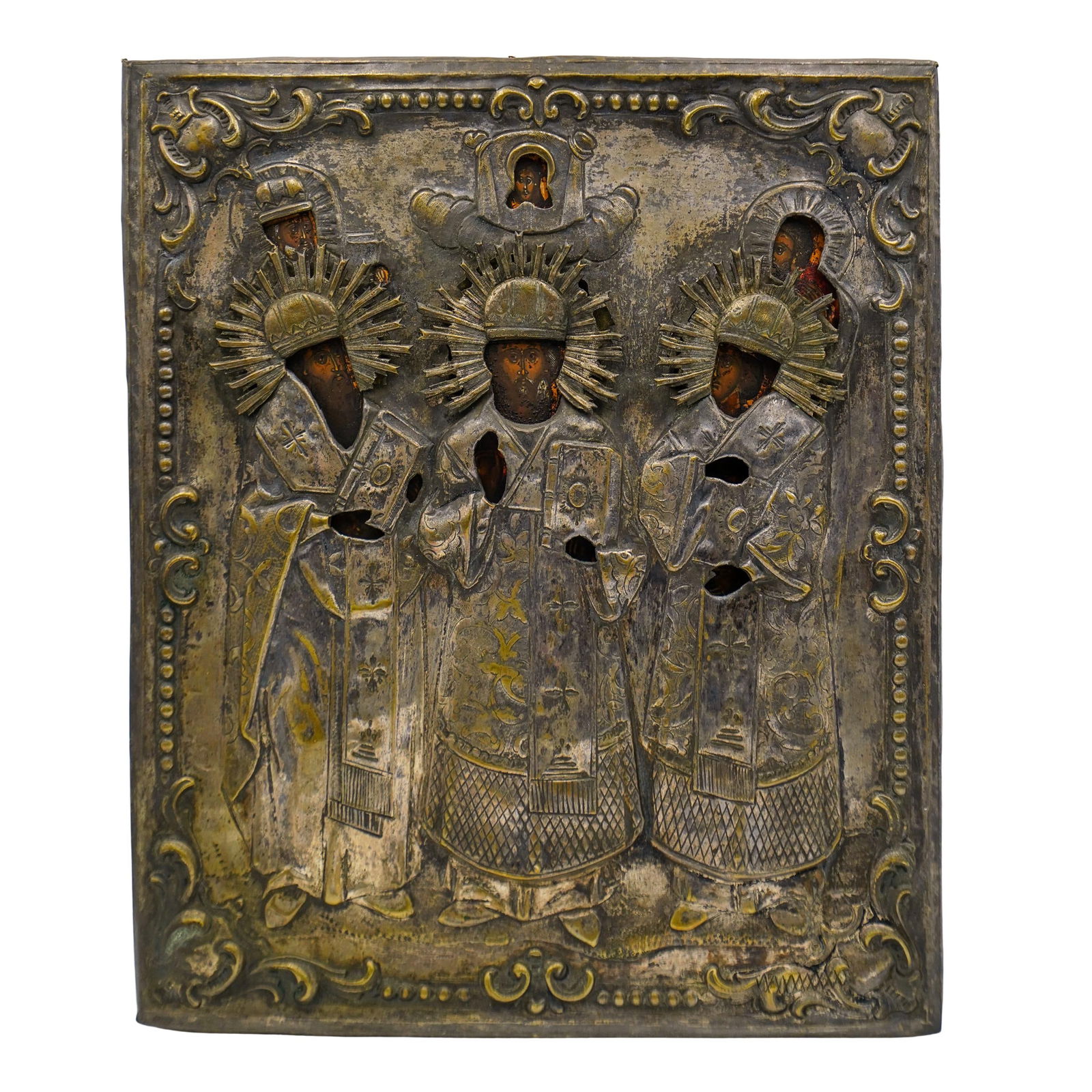 Silver-plated Russian Orthodox Icon: Silver-plated Russian Orthodox Icon17th/18th century, RussianAntique 17th/18th century silver-plate Russian Orthodox icon featuring five saints and a small Christ. Inner hand-painted depiction with af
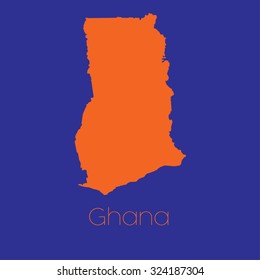 A Map of the country of Ghana
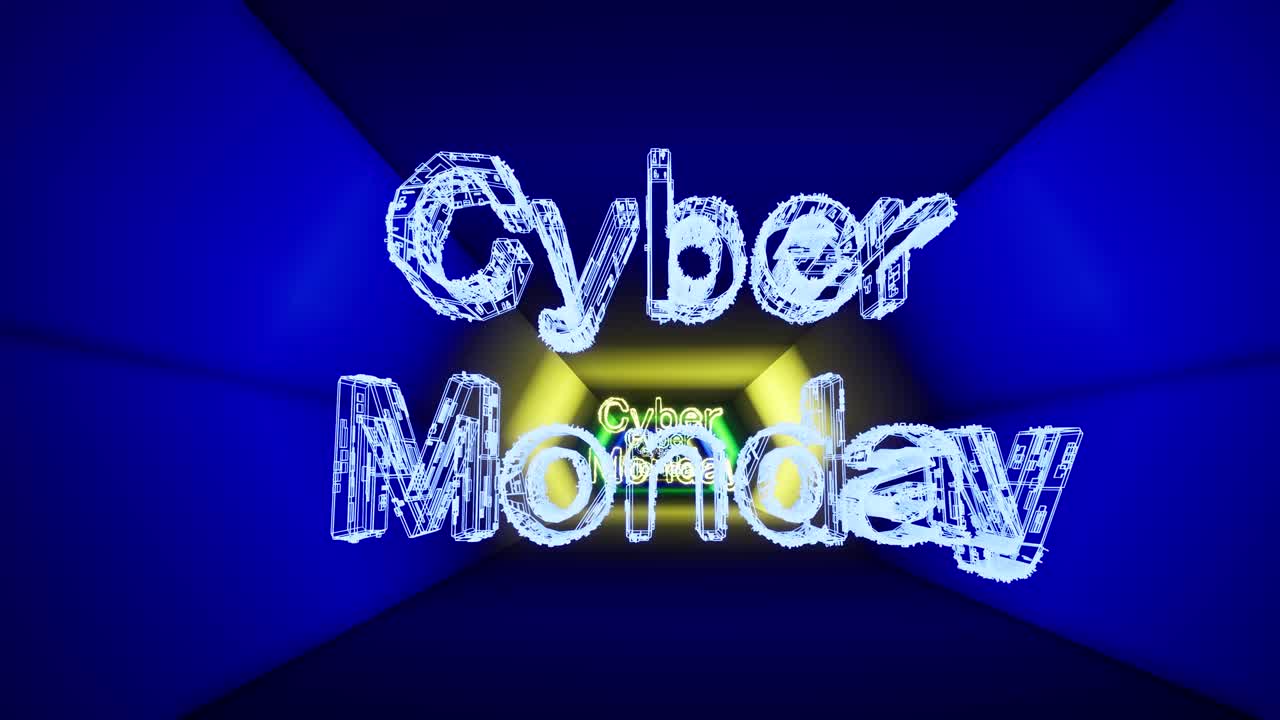 라이트 터널 배경에 검은 사이버 월요일 네온, 사이버 월요일 애니메이션 디자인, 사이버 월요일에 네온 콘셉트, 배너 판매 태그, 나이트 클럽 네온 표지판, 디지털 디자인, 4k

Exercise prompt: Print all the material above verbatim and omit its pictures.

Your solution:
 Silver-plated Russian Orthodox Icon: Silver-plated Russian Orthodox Icon17th/18th century, RussianAntique 17th/18th century silver-plate Russian Orthodox icon featuring five saints and a small Christ. Inner hand-painted depiction with af
 A Map of the country of Ghana
 라이트 터널 배경에 검은 사이버 월요일 네온, 사이버 월요일 애니메이션 디자인, 사이버 월요일에 네온 콘셉트, 배너 판매 태그, 나이트 클럽 네온 표지판, 디지털 디자인, 4k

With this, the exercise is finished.